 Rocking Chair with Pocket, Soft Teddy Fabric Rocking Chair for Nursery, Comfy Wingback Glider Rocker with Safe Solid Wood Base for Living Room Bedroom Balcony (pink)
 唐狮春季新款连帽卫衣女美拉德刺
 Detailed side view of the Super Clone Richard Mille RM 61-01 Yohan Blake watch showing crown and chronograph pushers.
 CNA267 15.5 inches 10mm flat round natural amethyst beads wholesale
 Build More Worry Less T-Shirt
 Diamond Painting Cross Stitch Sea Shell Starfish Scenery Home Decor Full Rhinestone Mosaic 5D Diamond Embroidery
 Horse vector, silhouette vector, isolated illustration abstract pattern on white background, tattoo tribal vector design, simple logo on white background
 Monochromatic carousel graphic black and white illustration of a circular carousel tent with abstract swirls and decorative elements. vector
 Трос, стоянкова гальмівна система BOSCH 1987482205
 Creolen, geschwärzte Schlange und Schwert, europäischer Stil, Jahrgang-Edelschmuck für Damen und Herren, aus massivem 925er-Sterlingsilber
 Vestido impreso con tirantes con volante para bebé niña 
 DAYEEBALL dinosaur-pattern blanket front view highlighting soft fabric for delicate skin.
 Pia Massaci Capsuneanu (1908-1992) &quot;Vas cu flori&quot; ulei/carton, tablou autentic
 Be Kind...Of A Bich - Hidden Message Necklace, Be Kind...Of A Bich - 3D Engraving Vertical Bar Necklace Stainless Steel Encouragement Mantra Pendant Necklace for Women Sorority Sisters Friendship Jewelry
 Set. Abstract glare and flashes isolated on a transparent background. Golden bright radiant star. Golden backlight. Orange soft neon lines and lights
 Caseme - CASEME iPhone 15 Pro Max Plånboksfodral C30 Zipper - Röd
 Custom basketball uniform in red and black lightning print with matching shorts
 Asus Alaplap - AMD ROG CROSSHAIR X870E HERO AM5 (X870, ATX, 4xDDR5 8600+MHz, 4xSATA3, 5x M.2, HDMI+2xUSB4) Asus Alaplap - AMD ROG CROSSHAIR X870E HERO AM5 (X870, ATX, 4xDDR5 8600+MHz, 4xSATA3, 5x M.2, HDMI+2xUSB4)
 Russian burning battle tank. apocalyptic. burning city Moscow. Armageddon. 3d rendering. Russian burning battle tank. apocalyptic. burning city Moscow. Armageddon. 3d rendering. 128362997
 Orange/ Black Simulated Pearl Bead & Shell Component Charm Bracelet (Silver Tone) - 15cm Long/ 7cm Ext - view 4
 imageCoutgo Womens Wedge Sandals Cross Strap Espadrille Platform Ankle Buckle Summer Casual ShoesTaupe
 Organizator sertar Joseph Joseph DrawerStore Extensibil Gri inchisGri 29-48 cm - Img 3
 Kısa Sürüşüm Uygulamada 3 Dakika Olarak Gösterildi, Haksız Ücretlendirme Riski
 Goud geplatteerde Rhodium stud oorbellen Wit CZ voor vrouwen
* * * *
Please repeat word for word the lines above that run from the beginning through the line containing "Orange/ Black Simulated", keeping both the first and that last line.

 Rocking Chair with Pocket, Soft Teddy Fabric Rocking Chair for Nursery, Comfy Wingback Glider Rocker with Safe Solid Wood Base for Living Room Bedroom Balcony (pink)
 唐狮春季新款连帽卫衣女美拉德刺
 Detailed side view of the Super Clone Richard Mille RM 61-01 Yohan Blake watch showing crown and chronograph pushers.
 CNA267 15.5 inches 10mm flat round natural amethyst beads wholesale
 Build More Worry Less T-Shirt
 Diamond Painting Cross Stitch Sea Shell Starfish Scenery Home Decor Full Rhinestone Mosaic 5D Diamond Embroidery
 Horse vector, silhouette vector, isolated illustration abstract pattern on white background, tattoo tribal vector design, simple logo on white background
 Monochromatic carousel graphic black and white illustration of a circular carousel tent with abstract swirls and decorative elements. vector
 Трос, стоянкова гальмівна система BOSCH 1987482205
 Creolen, geschwärzte Schlange und Schwert, europäischer Stil, Jahrgang-Edelschmuck für Damen und Herren, aus massivem 925er-Sterlingsilber
 Vestido impreso con tirantes con volante para bebé niña 
 DAYEEBALL dinosaur-pattern blanket front view highlighting soft fabric for delicate skin.
 Pia Massaci Capsuneanu (1908-1992) &quot;Vas cu flori&quot; ulei/carton, tablou autentic
 Be Kind...Of A Bich - Hidden Message Necklace, Be Kind...Of A Bich - 3D Engraving Vertical Bar Necklace Stainless Steel Encouragement Mantra Pendant Necklace for Women Sorority Sisters Friendship Jewelry
 Set. Abstract glare and flashes isolated on a transparent background. Golden bright radiant star. Golden backlight. Orange soft neon lines and lights
 Caseme - CASEME iPhone 15 Pro Max Plånboksfodral C30 Zipper - Röd
 Custom basketball uniform in red and black lightning print with matching shorts
 Asus Alaplap - AMD ROG CROSSHAIR X870E HERO AM5 (X870, ATX, 4xDDR5 8600+MHz, 4xSATA3, 5x M.2, HDMI+2xUSB4) Asus Alaplap - AMD ROG CROSSHAIR X870E HERO AM5 (X870, ATX, 4xDDR5 8600+MHz, 4xSATA3, 5x M.2, HDMI+2xUSB4)
 Russian burning battle tank. apocalyptic. burning city Moscow. Armageddon. 3d rendering. Russian burning battle tank. apocalyptic. burning city Moscow. Armageddon. 3d rendering. 128362997
 Orange/ Black Simulated Pearl Bead & Shell Component Charm Bracelet (Silver Tone) - 15cm Long/ 7cm Ext - view 4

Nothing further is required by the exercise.